Augustus Saint-Gaudens (1848–1907), Saint-Gaudens Double Eagle, 1933. Gold. Property of a Private Collector, on loan to the New-York Historical Society. (all images courtesy New York-Historical Society)

There are few coins as fabled at the infamous 1933 Double Eagle. The United States struck almost a half million twenty-dollar gold coins, aka Double Eagles, in the middle of the Great Depression. At the same time, President Franklin D. Roosevelt signed Executive Order 6102, which criminalized the possession of monetary gold by any individual, partnership, association or corporation — it was part of his mission to wean the country off the gold standard. The 1933 Double Eagles, although legally made, became illegal to own and they never circulated.

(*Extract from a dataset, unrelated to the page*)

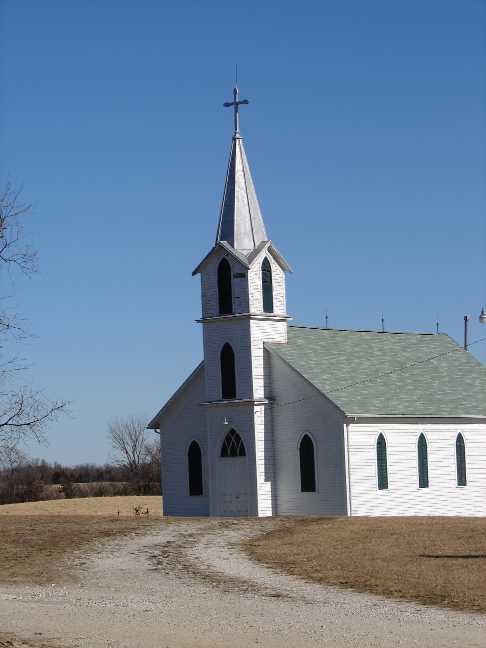 An old country church I ran across in rural Missouri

A view of the Double Eagle at the New-York Historical Society.

A view of the Double Eagle at the New-York Historical Society.

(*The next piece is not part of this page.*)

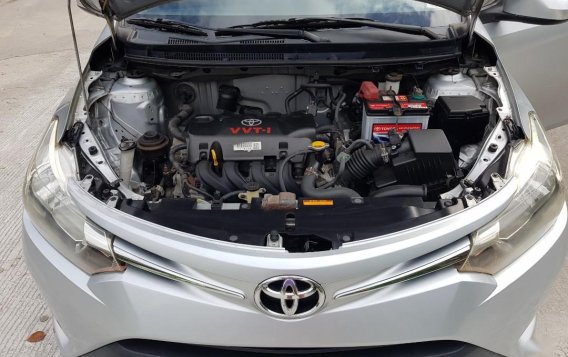 Silver Toyota Vios 2016 for sale in Pasig-8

The following year, two of the coins were deposited at the Smithsonian, and in February 1937 the rest were melted into gold bars. But, like all good stories, there’s a twist.

In 1944, a Double Eagle appeared  at auction, and the US Secret Service launched an investigation.

The rest is too juicy not to quote verbatim:

In 1944, a 1933 Double Eagle appeared in a New York auction, and the United States Secret Service launched an investigation. It determined that a US Mint employee had stolen a number of the coins in 1937 and identified ten 1933 Double Eagles that had escaped destruction, of which nine were surrendered or seized. One was beyond reach, as it had been purchased by King Farouk of Egypt, and after 1954 it disappeared. In 1996, as part of a Secret Service sting at the Waldorf Astoria, a British coin dealer was arrested while trying to sell a 1933 Double Eagle, which he swore had formerly belonged to King Farouk.

In 2002, at the conclusion of lengthy legal proceedings, the coin was sold at auction for $7,590,020, nearly doubling the previous world record. That very coin — the only 1933 Double Eagle which may be legally owned by an individual — will be on display at New-York Historical, on temporary loan from an anonymous private collection.

So, here’s your chance to see the coin IRL in New York.

For art nerds, it’s worth mentioning that the coin was designed by Irish-American sculptor Augustus Saint-Gaudens, who is best remembered as a teacher at the Art Students League of New York and for his memorable monuments commemorating heroes of the American Civil War, like the William Tecumseh Sherman monument at the southeast corner for Manhattan’s Central Park, and the Robert Gould Shaw Memorial in Boston and DC.

Is this the last we will hear about missing stashes of Double Eagles? Probably not. In 2004 the US Mint recovered 10 other Double Eagles from a Philadelphia coin dealer’s home and they are currently sitting in the United States Bullion Depository at Fort Knox, Kentucky.

Moral of the story: US government, you so crazy.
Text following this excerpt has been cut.